Could someone kindly assist with a idea as to why a MP3 track’s waveform would be omitted after analysing? Thanks
what are the audio specifications of the track - eg: sample rate, bit rate etc. (you may be able to view these by right clicking on the file)
128 kbps , 6.4MB in size and 44 100 sample rate
Try burning the file to a CDR or CDRW, then re-rip it into your computer as a new audio file, or load the file into an audio editor or file formating program - such as Audacity or DBPoweramp etc (many many many more are available - but always be a little wary of cheap/free app of dubious origin.)
Sometimes, very odd things happen to file headers and files in general. Burning the file to an audio CD, then re-ripping it, allows you to be in control of what file format options are invoked.
Thank you Gee, will do.
It’s easier to clean the file of all metadata or to even import and then export (re-encode) from Audacity as a new mp3 file.
While true at a basic level, I beg to differ with this advice.
To begin with, unless you use a lossless format (WAV, FLAC, ALAC and a few less-known others) to go to CD and re-rip to MP3 yourself, you are losing information 2 times. Once going from lossy format to CD and then back to MP3. This will NOT improve sound quality one bit, actually make it a quite a bit worse.
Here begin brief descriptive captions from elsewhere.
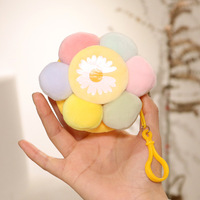 Offre Spéciale tissu fleur porte-monnaie porte-clés mignon Kawaii portefeuille avec fermeture éclair porte-clés enfants en peluche porte-monnaie amant cadeaux pour les femmes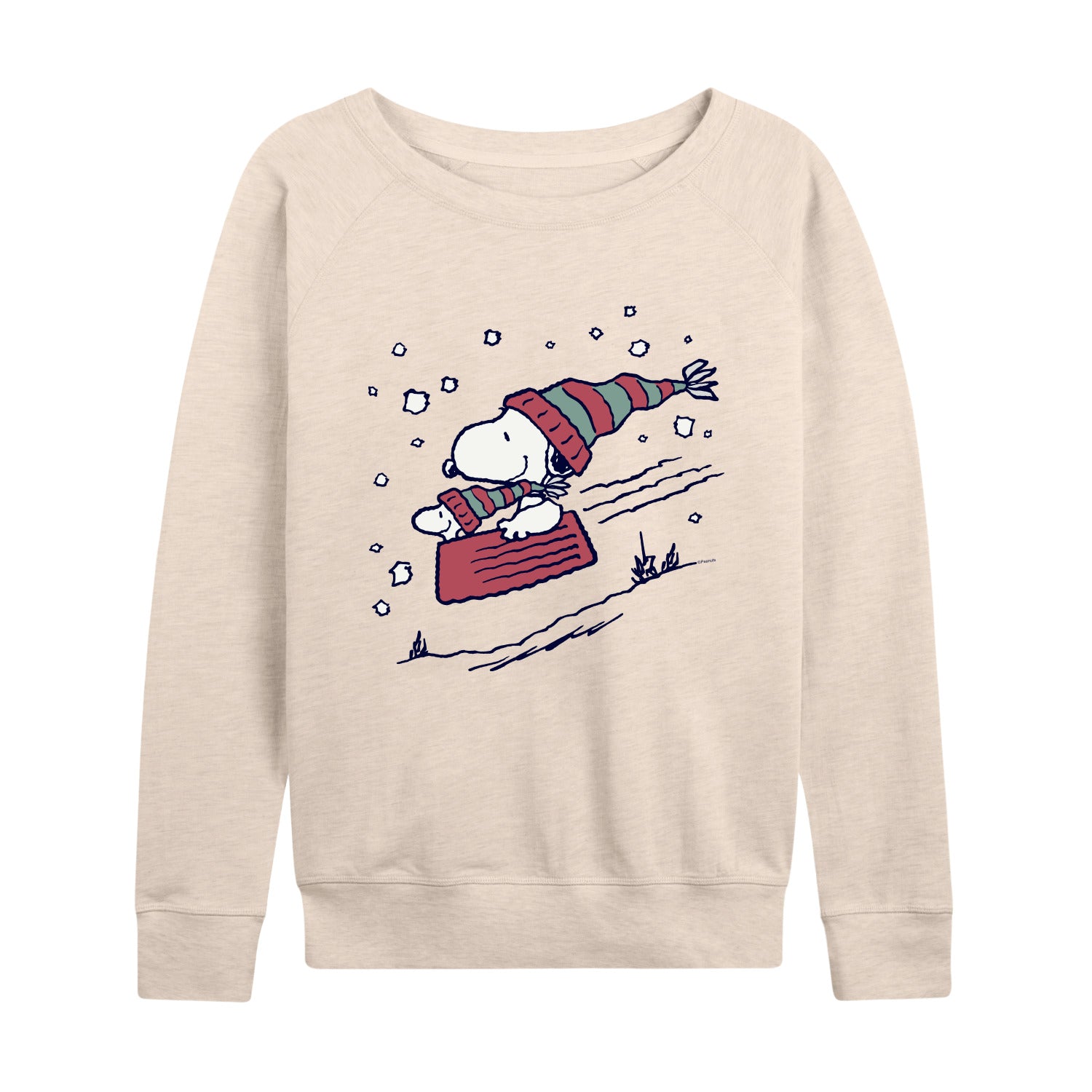 Peanuts - Snoopy Sledding - Women's Lightweight French Terry Long Sleeve Shirt - Image 3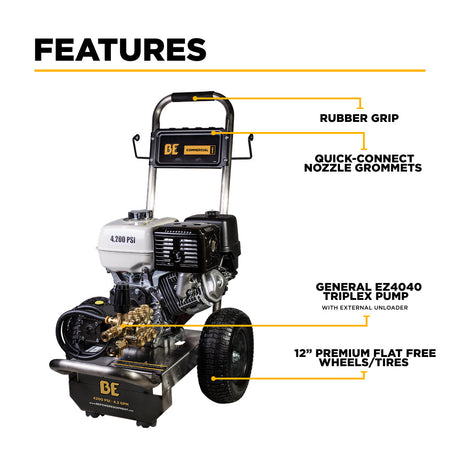 BE Power Equipment Gas Pressure Washer 4,200 PSI 4.2 GPM Cold Water with Honda GX390 Engine and General Triplex Pump on Stainless Steel Frame - B4213HSGS - view 3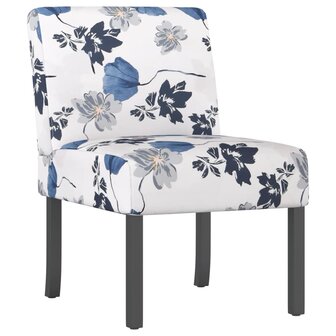 Stoel gebloemd stof blauw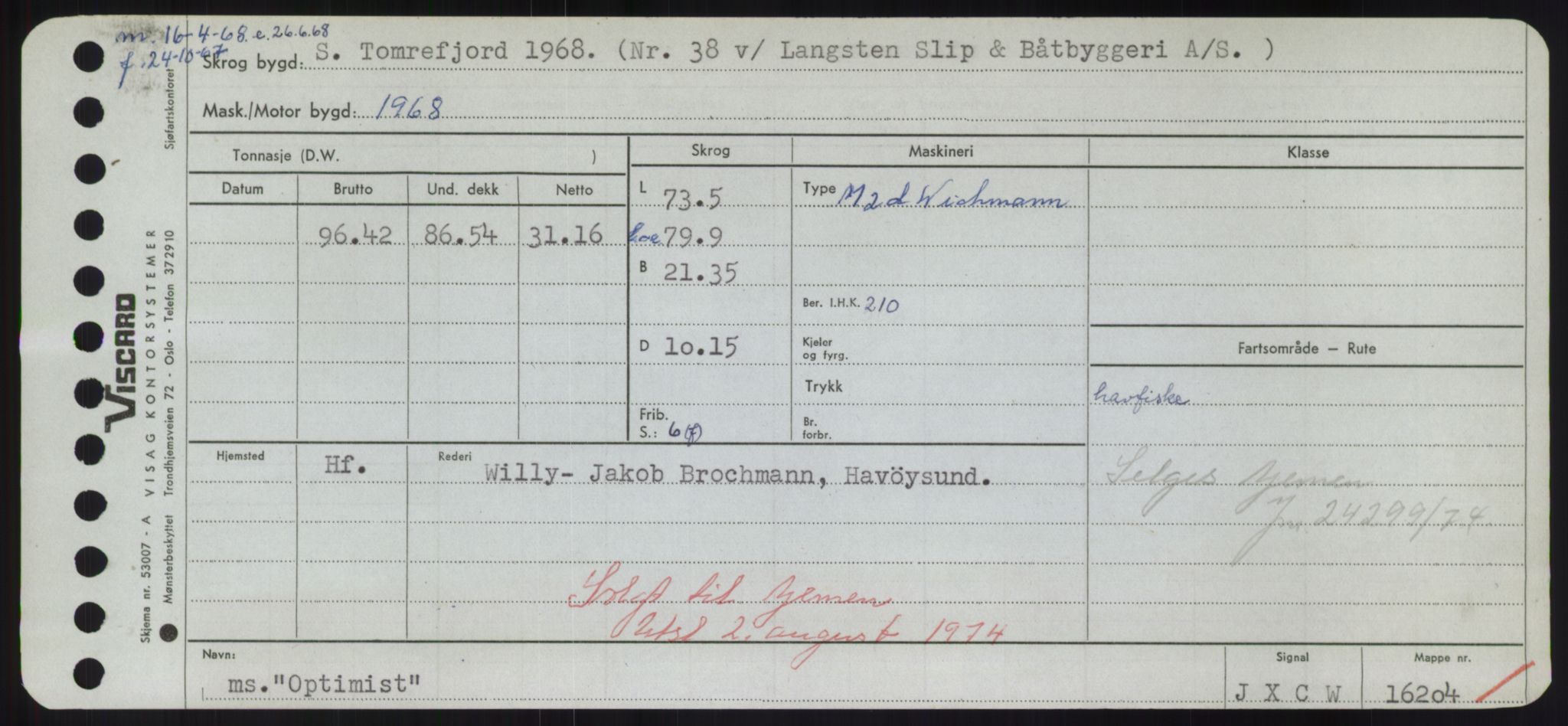 Sjøfartsdirektoratet med forløpere, Skipsmålingen, RA/S-1627/H/Hd/L0028: Fartøy, O, s. 287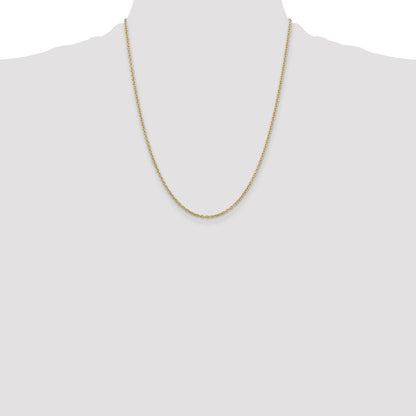 14k Yellow Gold 2mm Round Open Link Cable Chain Necklace 22"
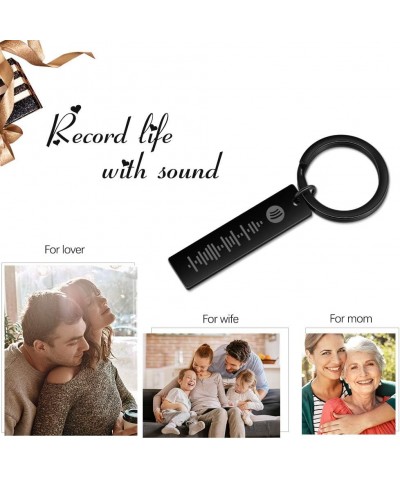 Custom Spotify Keychains for Women Personalized Spotify Code Keychain for Men Black $10.43 Bracelets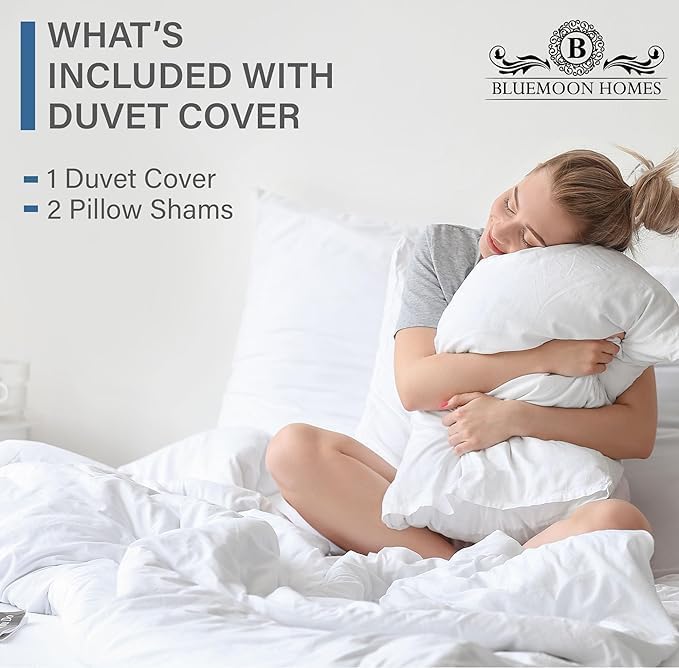 White Duvet Cover Twin Size 1000 Thread Count 100% Egyptian Cotton Long Staple Quilt Cover Silky Soft, Breathable with Hidden Zipper Closure and 7 Corner Ties 1 Piece Duvet Cover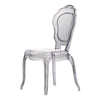 22 Inch Side Dining Chair Clear Smoke Finish Classic Curved Backrest By Casagear Home BM312102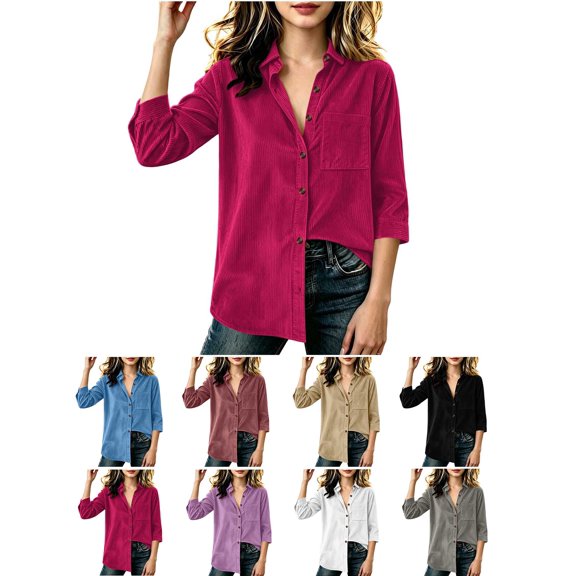 Sevevn Girls' Corduroy Button Down Shirt Long Sleeve Roll‑Up Cuffs Collared Loose Casual Blouse Top With Pocket
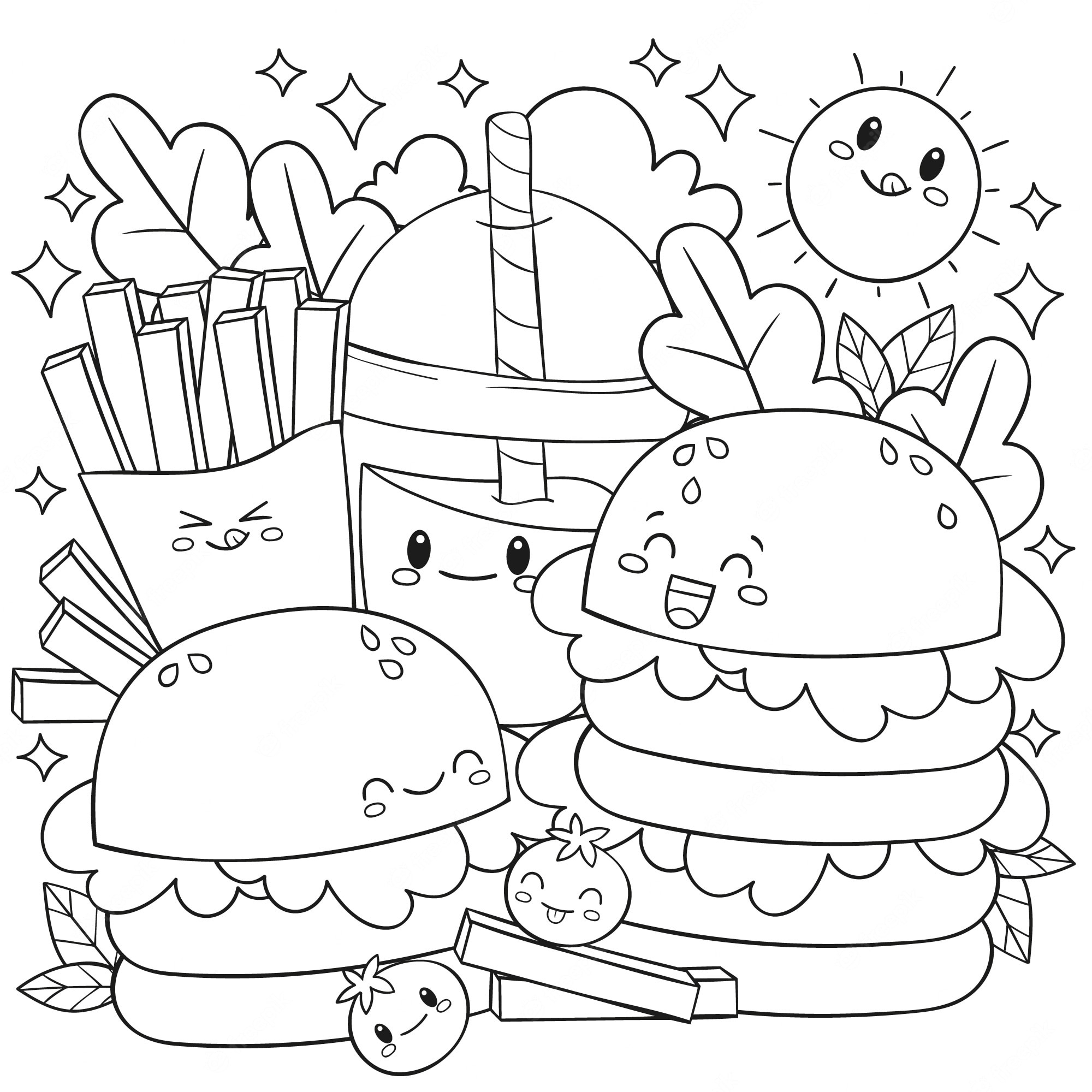 Food With Faces Coloring Page Burgers Fries And Soda Coloring Home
If you have access to the original lossless format, you can totally save the conversion to CD step as you can go straight from the lossless copy to the desired lossy format (MP3, AAC, etx.). dBpoweramp which is mentioned by Gee is a very nice program. I have been using it for years. It’s not free, but low priced and comes with all kinds of goodies like batch-ripping (had a PC with six CD-players running concurrently when I converted my original CD collection) and batch-conversion which is nice if you have much converting to do.
Finally, if you use 128MP3, the quality is already so (audibly) bad, that any attempt to re-rip it will be a waste of time, imho. The only time I see 128MP3 anywhere is in illegal downloads, so that’s a no-no to begin with anyway.
Personally I’ll try to have original tracks (I save everything in FLAC, provided I am 100% convinced the original is true) and rip myself to end up with high-quality 320MP3 for use in my DJ software. Just me of course.
Finally, for those of you who are in doubt if your (downloaded) tracks are what they pretend to be, quality-wise, take a look at this tool. It will check and show you the track analysis if you want. It’s free, but a 15 euro (I think) donation unlocks all features and removes limitations on number of tracks you can do and such.
The same developer has some other useful tools too.
My two cents as usual.
I’m not suggesting the cd burn as any way to adjust audio quality.
I’m suggesting the burn and the re-rip as a method of quarantining whatever may have happened to the file or its parameters previously.
Thank you for the info guys. I Appreciate it.
That is what the true at a basic level was about. Doesn’t change the fact that this particular method automatically comes with declining audio quality. So while you might fix one problem, you insert another.
Hence my remarks.
Clearly we are all here with the same goal, which is to help each other out as Denon users.